With over 100 subtypes, diagnosing sarcoma correctly can be very challenging. Sarcoma pathologists analyse samples of sarcomas to look for features which point to different subtypes – but this can take a long time. Making a correct diagnosis is vital as treatment and prognosis can differ between different subtypes.
We need ways of diagnosing sarcoma quicker and more effectively – and that’s where artificial intelligence (AI) can play a role. Information that the pathologist does not recognise as important can be identified by AI and predict response to treatment. This means it can reduce diagnostic errors, speed up diagnosis and use less tissue that could be made available for other important tests – meaning more benefit for patients.

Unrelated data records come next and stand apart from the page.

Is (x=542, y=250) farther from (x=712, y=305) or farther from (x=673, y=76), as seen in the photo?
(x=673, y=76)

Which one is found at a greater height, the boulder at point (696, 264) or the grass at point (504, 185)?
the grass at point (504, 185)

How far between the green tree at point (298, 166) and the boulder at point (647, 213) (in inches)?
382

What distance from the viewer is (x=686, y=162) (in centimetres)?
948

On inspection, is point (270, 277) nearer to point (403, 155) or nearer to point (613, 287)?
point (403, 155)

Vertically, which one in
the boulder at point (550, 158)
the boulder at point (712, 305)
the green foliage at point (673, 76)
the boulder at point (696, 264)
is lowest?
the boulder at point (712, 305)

For AI models to be successful, it is important to have images that have been correctly labelled by expert pathologists. The information becomes more powerful when linked with patients’ clinical and genomic data. Computer scientists can use this information for the development of better AI models. AI is already being effectively in more common cancers, such as breast cancer and melanoma, but little has been done on sarcoma – which is what the team aim to change.

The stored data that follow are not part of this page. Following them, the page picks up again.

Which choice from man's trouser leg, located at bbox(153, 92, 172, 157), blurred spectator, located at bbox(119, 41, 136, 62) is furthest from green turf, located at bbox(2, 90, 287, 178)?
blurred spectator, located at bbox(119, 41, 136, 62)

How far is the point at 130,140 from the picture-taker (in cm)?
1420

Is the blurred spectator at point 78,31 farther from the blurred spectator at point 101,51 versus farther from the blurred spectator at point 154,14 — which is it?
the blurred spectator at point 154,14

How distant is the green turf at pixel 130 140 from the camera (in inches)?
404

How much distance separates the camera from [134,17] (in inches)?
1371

How will this project tackle this challenge?
As a first step, the team will scan slides containing soft tissue sarcoma samples from about 4000 patients diagnosed since 2000, which will help improve the data available for future studies.
Computer scientists and pathologists will train computer models to tell the difference between six types of soft tissue tumours. They will then evaluate if their computer model is as good or even better than pathologists.
To ensure that the results gathered from this work will benefit as many people as possible, this project will bring together about 30 pathologists from across the UK and beyond, to improve diagnostic clinical service for patients by working on AI. The scanned slides can also be used for training future pathologists.
What this means for people affected by sarcoma
The team hope that by developing an AI model to improve diagnosis, fewer special tests will be required of patients. This should make diagnosis quicker, more efficient, and ensure that more resource is available to ensure patients get the right sarcoma diagnosis.
With over 100 subtypes, diagnosing sarcoma correctly can be very challenging. But making a correct diagnosis is vital as treatment and prognosis can differ between different subtypes.